Writers are famous for drinking, so it’s no surprise that the world abounds with brilliant nonfiction books about booze. Whether you’re seriously interested in the sociological implications of happy hour or just looking for the perfect Negroni recipe, the following books are engaging, well-researched, and — perhaps, most importantly — funny. Salud!
by Kingsley Amis, 2008
Contains useful drink recipes and advice on building a good liquor cabinet and bar.
Sample text: Evelyn Waugh’s Noonday Reviver: Put the gin and Guinness into a pint silver tankard and fill to the brim with ginger beer. I cannot vouch for the authenticity of the attribution, which I heard in talk, but the mixture will certainly revive you, or something. I should think two doses is the limit.
Imbibe! From Absinthe Cocktail to Whiskey Smash, a Salute in Stories and Drinks to Professor Jerry Thomas, Pioneer of the American Bar
by David Wondrich, 2007
Contains useful and esoteric drink recipes and sound advice on building a good liquor cabinet and bar.
Sample text: Everything new always turfs up a few people who liked the old way better. So no one should be surprised that when the plain Cocktail began gathering unto its bosom troubling dashes of curacoa and absinthe and truly alarming dashes of vermouth, fruit juice, and orgeat syrup, there were those who cried bloody murder.
The Drunken Botanist: The Plants That Create the World’s Great Drinks
by Amy Stewart, 2013
Includes cocktail recipes and recipes for ingredients such as homemade grenadine and nocino.
Sample text: Spruce beer was well known to Jane Austen, who wrote to her sister Cassandra in 1809 about brewing a “great cask” of it.
The Life and Times of the Late Demon Rum
by J.C. Furnas, 1965
Does not contain drink recipes, but does contain an impressive selection of awful Temperance poetry.
Sample text: Prohibition was certainly a ravaging ailment, however, and among the scars and bodily impairments it left were things even worse than the perpetuation of a newly powerful underworld.

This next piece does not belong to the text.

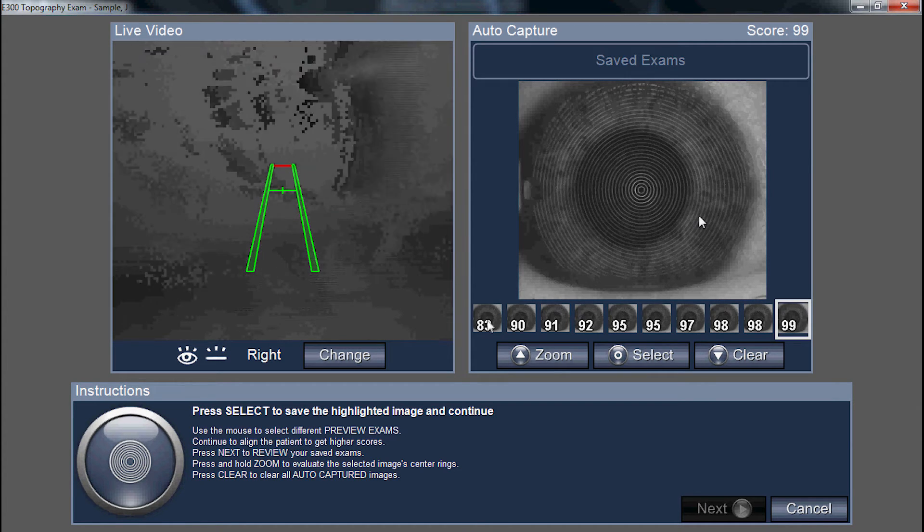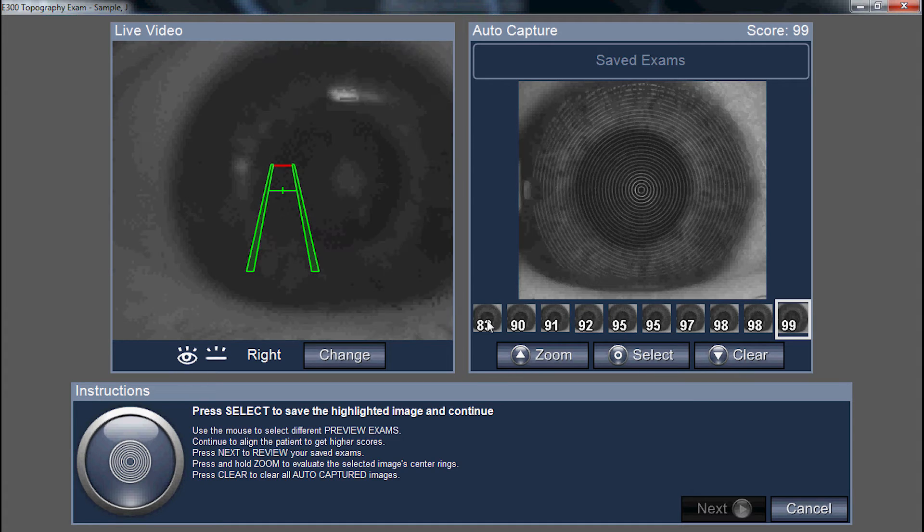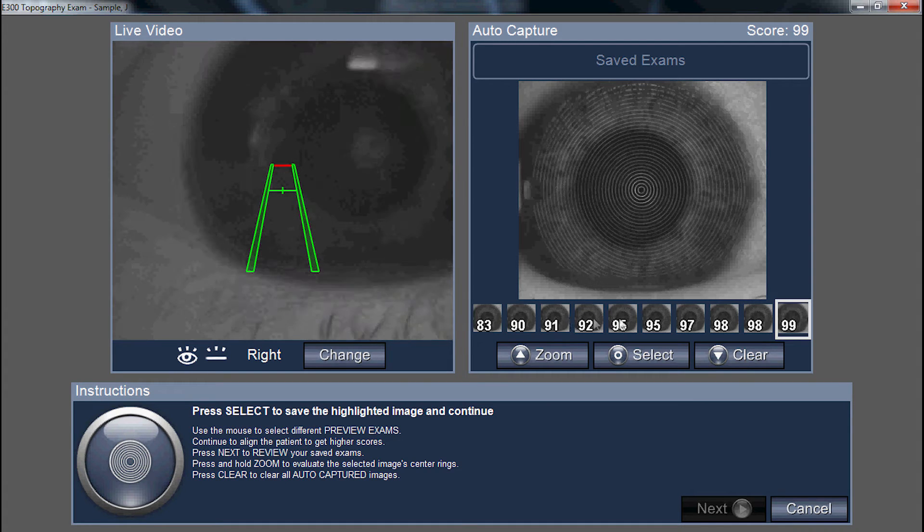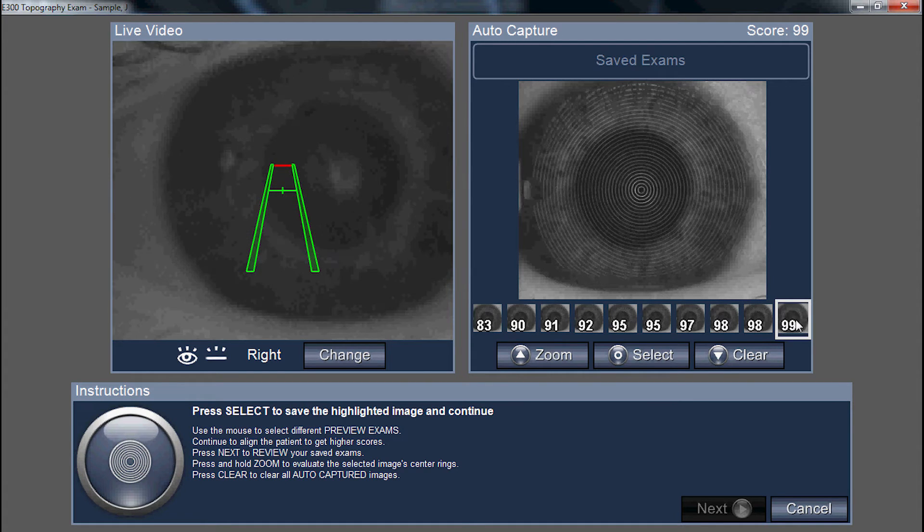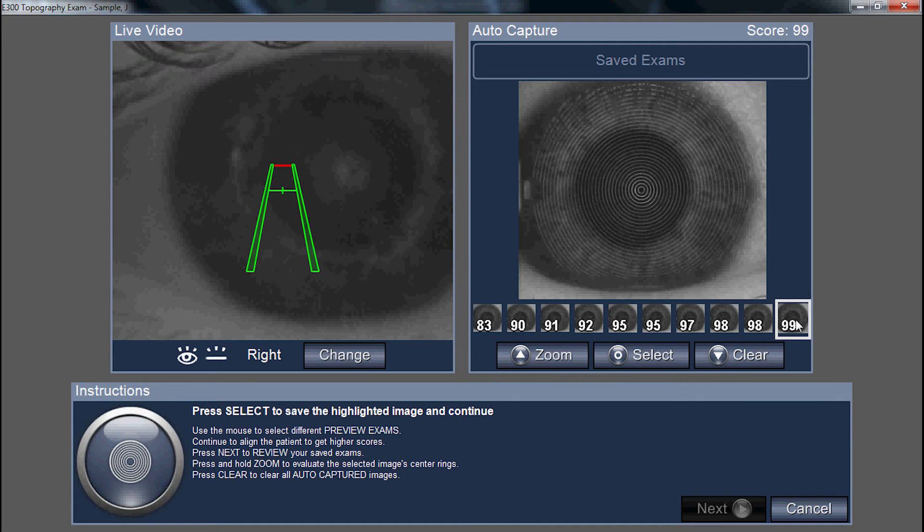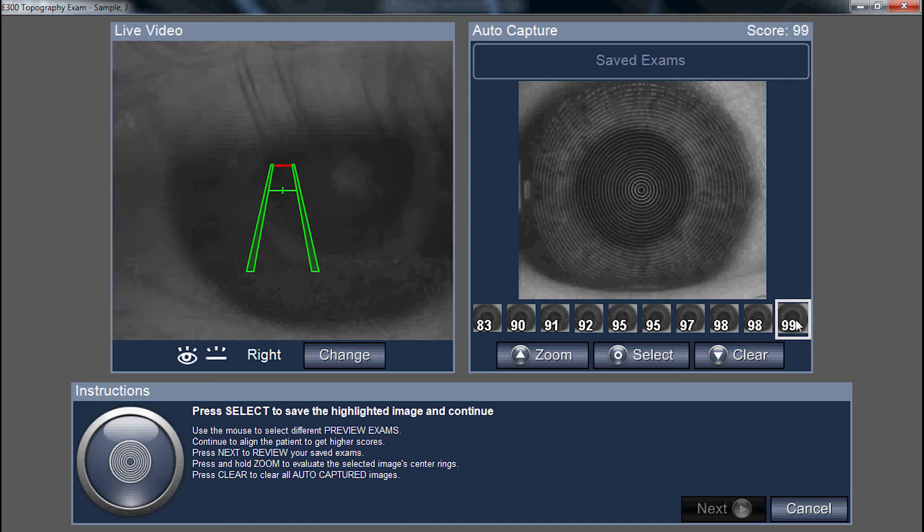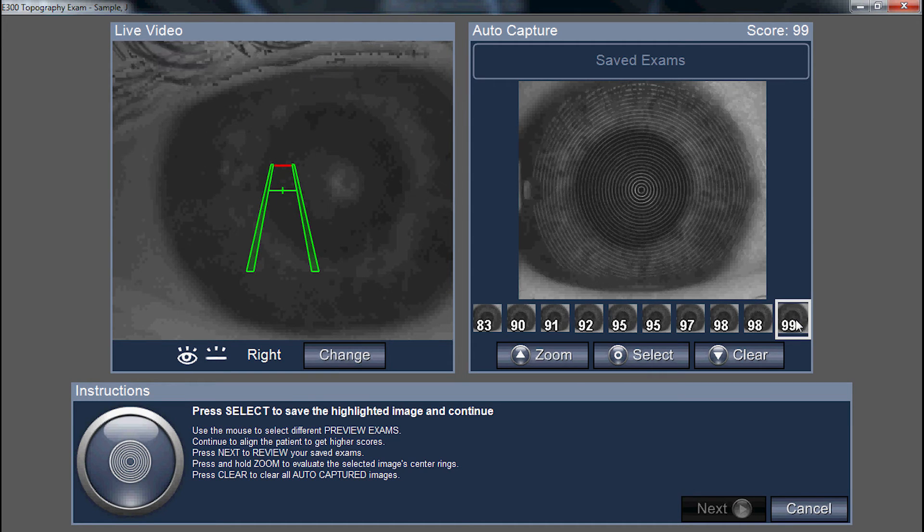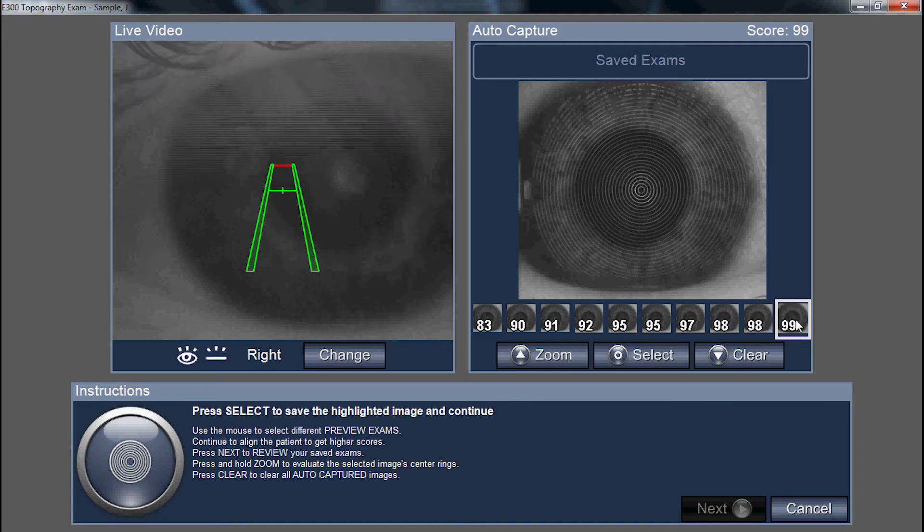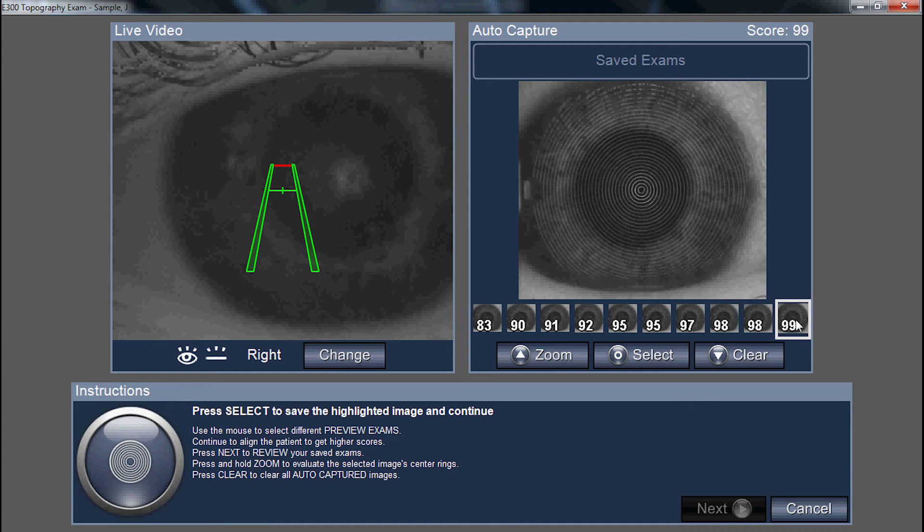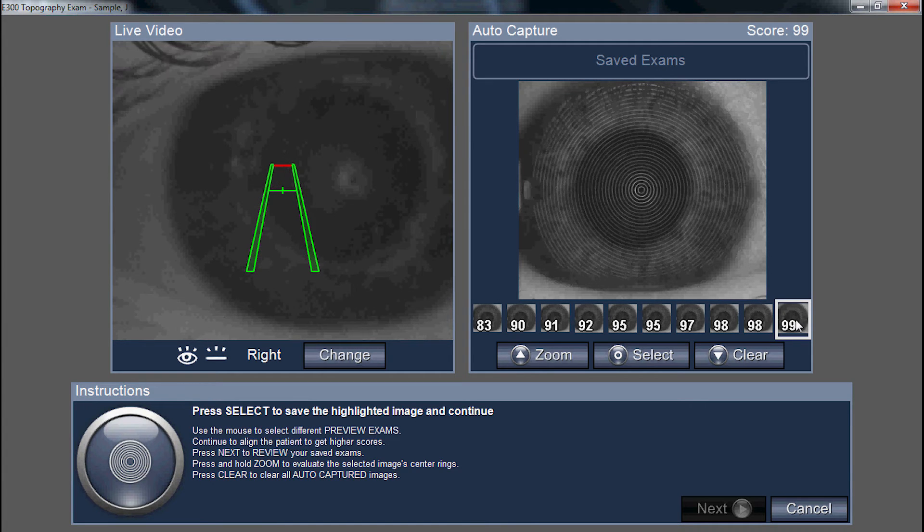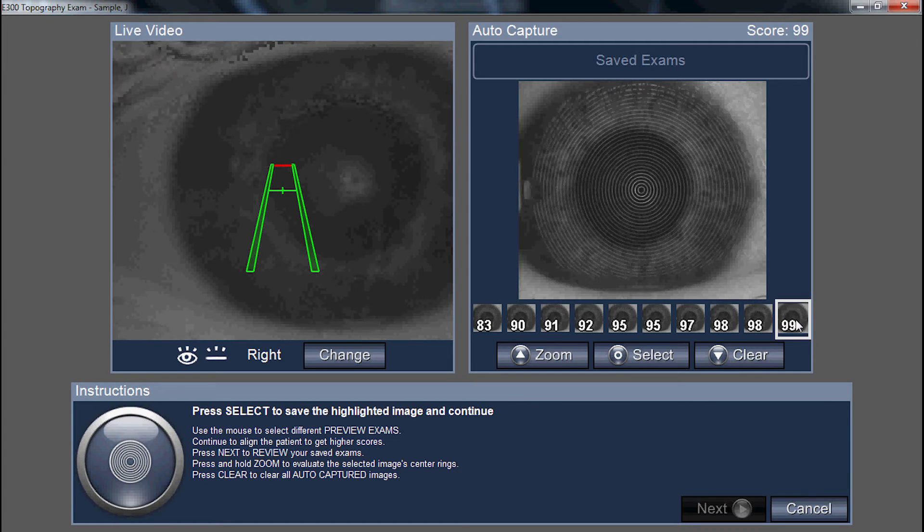You notice we have captures from 83% confidence all the way up to 99% confidence. Your rightmost image will always be your best, at least in terms of centration, light reflection, and the steadiness of the user at the time of capture. This indicates that we have a good photo, but it doesn't indicate that we have smooth and even tear film.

Thirty years after repeal most of us seventy million Americans who “drink” retain from the excesses of Temperance doctrine what was recently described at an interdisciplinary scientific meeting as “ a sort of societal guilt feeling about alcohol.”
Boozehound: On the Trail of the Rare, the Obscure, and the Overrated in Spirits
by Jason Wilson, 2010
Contains original drink recipes and sound advice on building a good liquor cabinet and bar.
Sample text: We can pretty much blame the vodka martini on Ian Fleming, who introduced it in the first James Bond novel, Casino Royale — along with the ridiculous concept of shaking and not stirring a martini.